I’m not really sure what that means.  Both went up in value over the period so capital was preserved.   Obviously, they want you to focus on the fact that they earned 194% over the roughly 16 years and the MSCI World Index only returned 51% over the same period.  It sure looks like the fund did better over the whole period.  It’s going up a lot faster since the 2008 financial crisis and down less before.  This chart is an example of one of my pet peeves. The ad said “The quality advantage: Capital preservation contributed to long-term performance.”

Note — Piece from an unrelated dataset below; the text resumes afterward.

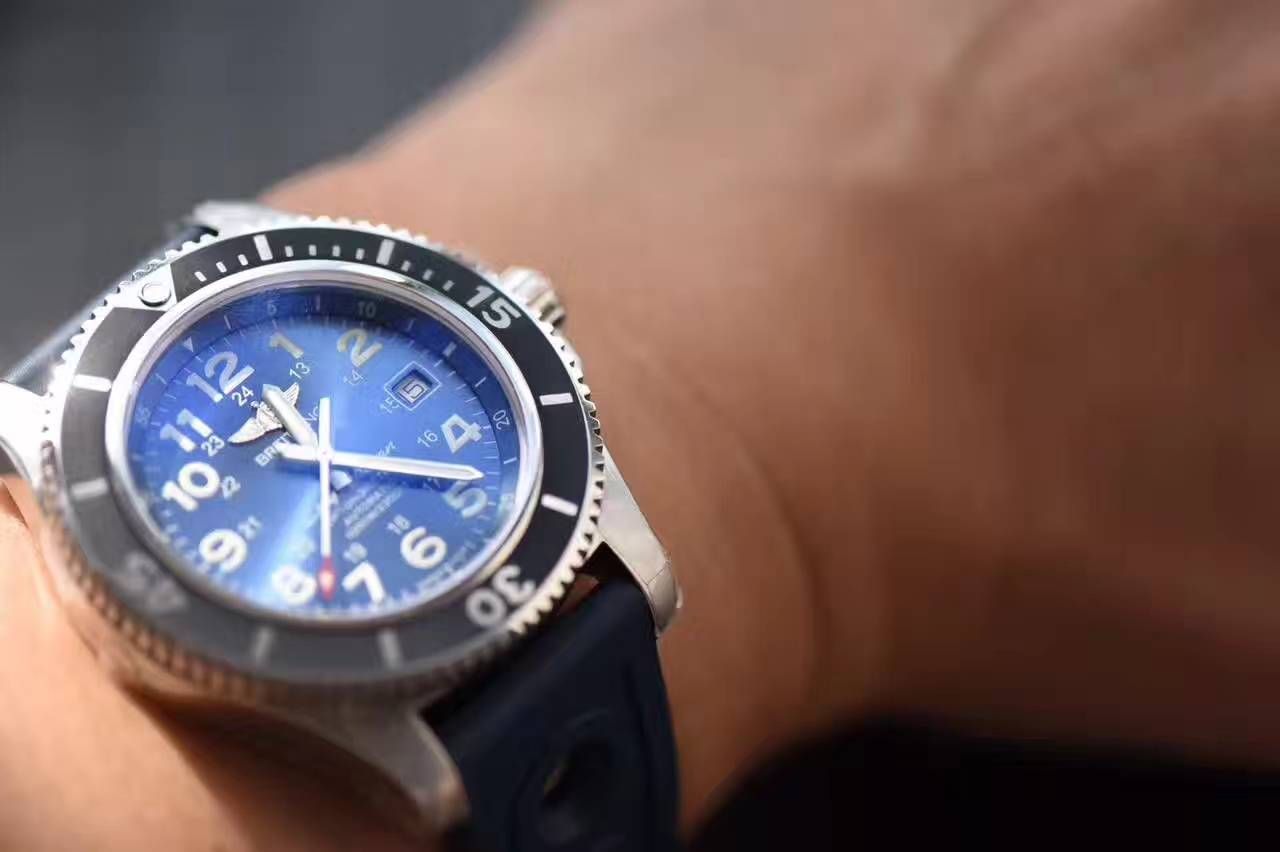 【视频解析N Factory 1:1超A高仿手表】 Breitling 超级海洋二代系列A17392D8/C910/228S/A20SS.1 wrist watch  / BL055A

The type of chart they’ve used is called a linear chart.  They do not give a clear picture of long-term investment growth.  A log chart, on the other hand, shows what investors really want to know.  I know logs (logarithms) scare most people because of the trauma they endured in trying to learn about them in high school.  All you need to know is that:

  • With a linear chart (see Chart 1 above), an equal increase along the vertical axis (left side of the chart) represents an equal increase in the dollar amount. This means that the increase from 50 to 100 looks the same as the increase from 250 to 300.  They are the same amount, but not the same percentage.
  • In a log chart (see Chart 2 below), an equal increase along the vertical axis represents an equal percentage increase. What this means is that the increase from 50 to 100 is the same as the increase from 150 to 300 – they both doubled.  This is what most investors are really interested in.  An investor who earns $5,000 on his $10,000 investment will be a lot happier than the investor who earns $5,000 on his $100,000 investment over the same period of time.  I’ve recreated the chart, but this time using a log scale on the vertical axis so we can get a more accurate picture of how well this fund did in relative terms.

Chart 2

chart 2 fin

This is also an excellent example of how past performance doesn’t predict future performance.  Someone looking at the performance of the advertised fund after the first two years covered in the chart would have thought, “Holy cow, the fund earned 50% over the last few years and the index lost 50%.  I gotta get me some of that fund.”  They would have been disappointed over the next 14 years since they would be paying fees for a fund that was supposed to perform better than the index, when in reality, this wasn’t the case at all.   With the exception of the first couple of years, you can see that the blue and red lines follow each other very closely.  This means, since part way through 2002, the fund and the index it’s measured against have earned the same percentage return.  In fairness, the fund out performed big time for the first couple years, despite the tech bubble bursting at that time.  So, maybe that’s the preservation of capital they were talking about in the ad when describing the fund.  You can see that in Chart 1 above too,  if you analyze it carefully, but it’s not obvious.  You have to look closely – really closely.  For example, after the tech bubble burst in 2002, the fund being advertised and the benchmark it’s compared to have both almost exactly tripled.  If you look at the financial crisis in 2008, they both lost about 50% of their value, so capital wasn’t preserved very well that time by either the fund or the index.

Things aren’t always as they appear.  It’s important to look beyond the pretty picture to understand what it’s really telling you – or just as important, what it’s not telling you.